People talk a lot about the Yankees-Red Sox rivalry, but it hasn’t truly been a rivalry in many years. It’s been a decade since they finished within less than six games of each other in the standings. Manny Ramirez, Nomar Garciaparra, Jason Varitek, Pedro Martinez, Derek Jeter, Mariano Rivera, Alex Rodriguez and everyone else who made this Boston-New York games interesting are retired. Heck, David Ortiz held up a “RE2PECT” sign when Derek Jeter retired. There’s no bad blood here anymore. To the extent people talk about this allegedly “bitter rivalry,” they’re engaging in early 21st century nostalgia.
But the trade Brian Cashman made for Todd Frazier, David Robertson, and Tommy Kahnle last night makes things a bit more interesting than it has been for some time.
On one level it changes things because it’s a signal that the Yankees, who have struggled of late after a surprisingly good first half, are truly going for it this year. That they would be wasn’t a given. This was supposed to be a rebuilding year of sorts, with young players like Aaron Judge, Gary Sanchez and Clint Frazier getting used to the grind of a full season while New York’s well-stocked farm system matures. The idea: whatever happened this year was gravy, but true, sustained contention for the Yankees would be in the coming years, not in 2017.

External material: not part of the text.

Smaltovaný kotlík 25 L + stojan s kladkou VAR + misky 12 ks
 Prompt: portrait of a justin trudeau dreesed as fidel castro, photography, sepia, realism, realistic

While it may have been disappointing for fans, it would’ve been completely reasonable for the Yankees to smile at what they’ve done this year but to stand pat at the deadline, realizing that they’ll have better chances in the future. With Masahiro Tanaka eligible to opt out after this year and with CC Sabathia and Michael Pineda in walk years (and in Pineda’s case, injured) they need to address their rotation for the coming seasons. Those are long-term concerns, not immediate competitive ones, not necessarily amenable to a big splash. By making this trade, however, New York is signaling that it is, without question, shooting to make up the 3.5 games separating them and their rivals from Boston in 2017.
On another level, something about this trade gives us that 2003-2004 feeling in that, as the Yankees improved themselves, they also closed off a potential avenue for the Red Sox to do the same.
Boston has made no secret of its desire to fix its dreadful third base situation and over the weekend there were reports that they were interested in acquiring Frazier to do so. And, like almost every other team, they could stand to add relievers. By taking the best third baseman and arguably the best available bullpen arm in Frazier and Robertson, the Yankees made a bold, ready-for-storyline-based-columns move in the zero-sum competition with Boston.
I don’t expect all of this to translate into Varitek-Rodriguez-style face-shoving or Pedro Martinez-style bulletin board material, but it certainly makes the Red Sox-Yankees a a bit more interesting than it’s been of late. At the very least it should help tighten things up between the east coast rivals in the AL East and give those of us who remember the Boston-New York rivalry of the early 2000s something to talk about.
At least as long as the second place Rays don’t win 18 of 20 and bury them both. That would be a major bummer for us old guys and all the storyline writers, eh?